[[ RECORDED INFORMATION open ]]

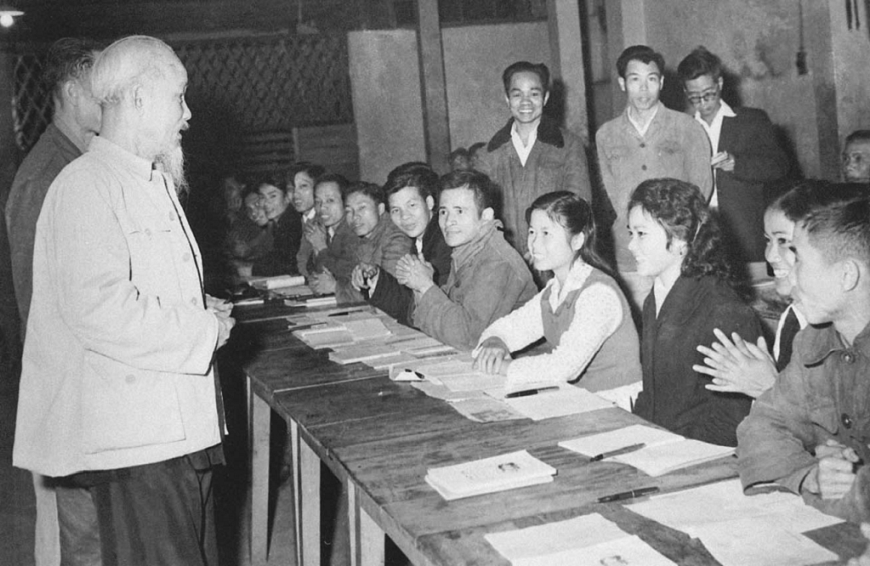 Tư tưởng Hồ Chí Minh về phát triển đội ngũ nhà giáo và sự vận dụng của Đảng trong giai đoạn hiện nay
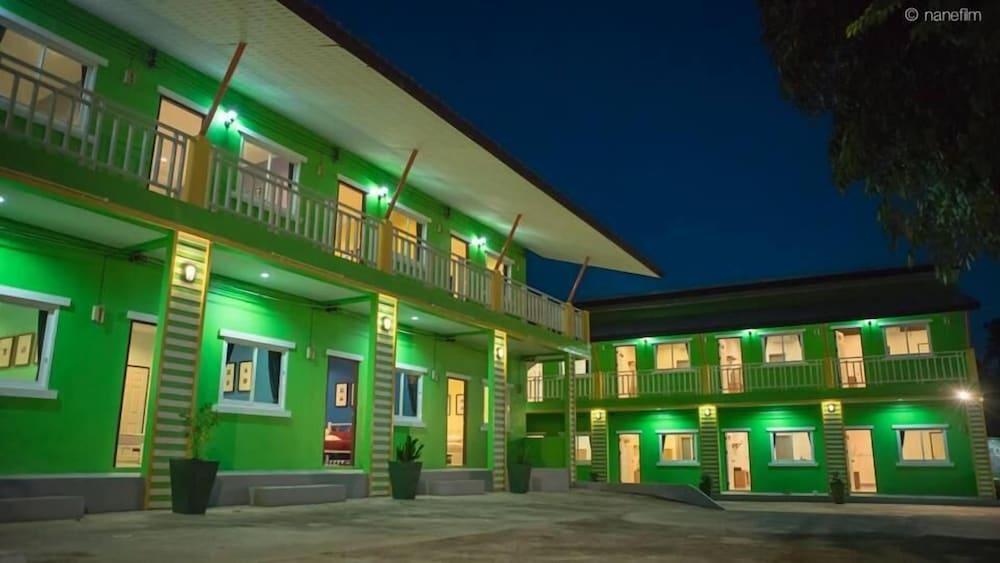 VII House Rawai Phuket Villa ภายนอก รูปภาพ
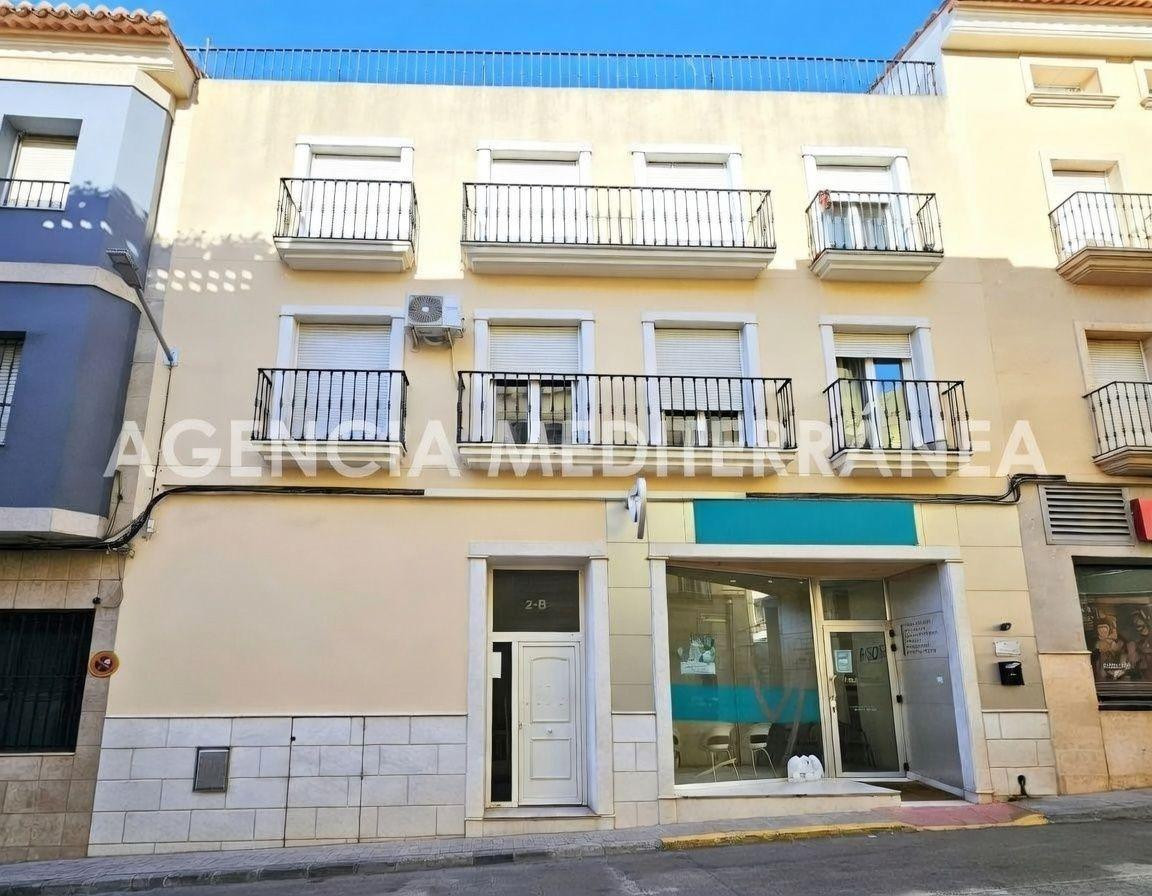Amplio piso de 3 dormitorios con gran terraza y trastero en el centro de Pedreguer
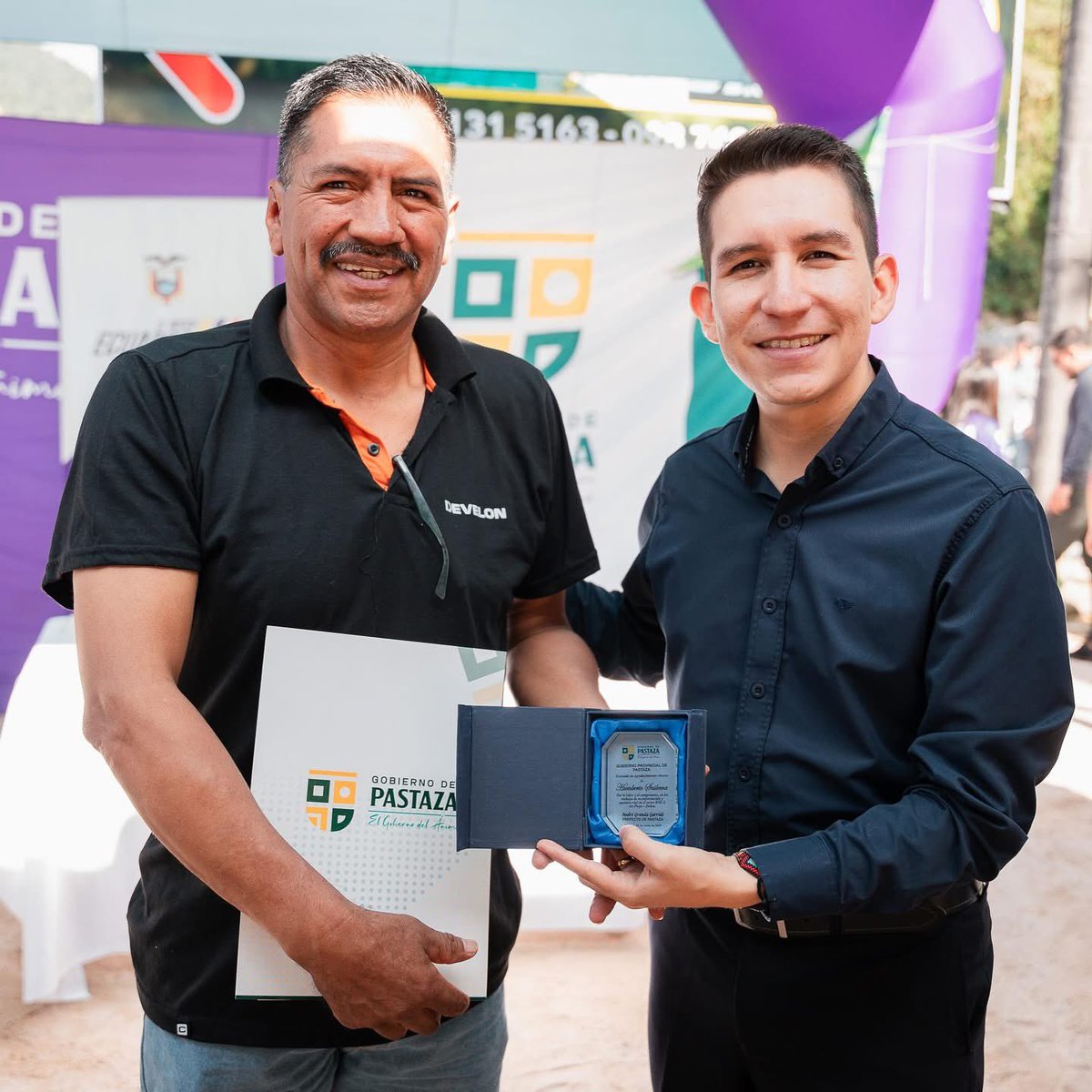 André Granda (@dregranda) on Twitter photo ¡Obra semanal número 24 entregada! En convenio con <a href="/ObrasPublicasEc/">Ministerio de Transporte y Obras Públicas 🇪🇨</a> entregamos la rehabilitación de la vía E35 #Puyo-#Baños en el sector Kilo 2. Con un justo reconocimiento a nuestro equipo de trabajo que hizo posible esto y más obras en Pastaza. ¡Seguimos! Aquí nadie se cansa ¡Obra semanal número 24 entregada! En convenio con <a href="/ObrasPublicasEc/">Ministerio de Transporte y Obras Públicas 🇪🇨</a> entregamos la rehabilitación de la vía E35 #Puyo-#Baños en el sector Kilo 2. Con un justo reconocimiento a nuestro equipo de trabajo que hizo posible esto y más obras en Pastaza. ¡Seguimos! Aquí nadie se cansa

[[ RECORDED INFORMATION closed ]]

## WORK TASK
Transcribe the listing above in full and exactly; no pictures belong in the copy.

## EXERCISE SOLUTION
 Tư tưởng Hồ Chí Minh về phát triển đội ngũ nhà giáo và sự vận dụng của Đảng trong giai đoạn hiện nay
 VII House Rawai Phuket Villa ภายนอก รูปภาพ
Amplio piso de 3 dormitorios con gran terraza y trastero en el centro de Pedreguer
 André Granda (@dregranda) on Twitter photo ¡Obra semanal número 24 entregada! En convenio con <a href="/ObrasPublicasEc/">Ministerio de Transporte y Obras Públicas 🇪🇨</a> entregamos la rehabilitación de la vía E35 #Puyo-#Baños en el sector Kilo 2. Con un justo reconocimiento a nuestro equipo de trabajo que hizo posible esto y más obras en Pastaza. ¡Seguimos! Aquí nadie se cansa ¡Obra semanal número 24 entregada! En convenio con <a href="/ObrasPublicasEc/">Ministerio de Transporte y Obras Públicas 🇪🇨</a> entregamos la rehabilitación de la vía E35 #Puyo-#Baños en el sector Kilo 2. Con un justo reconocimiento a nuestro equipo de trabajo que hizo posible esto y más obras en Pastaza. ¡Seguimos! Aquí nadie se cansa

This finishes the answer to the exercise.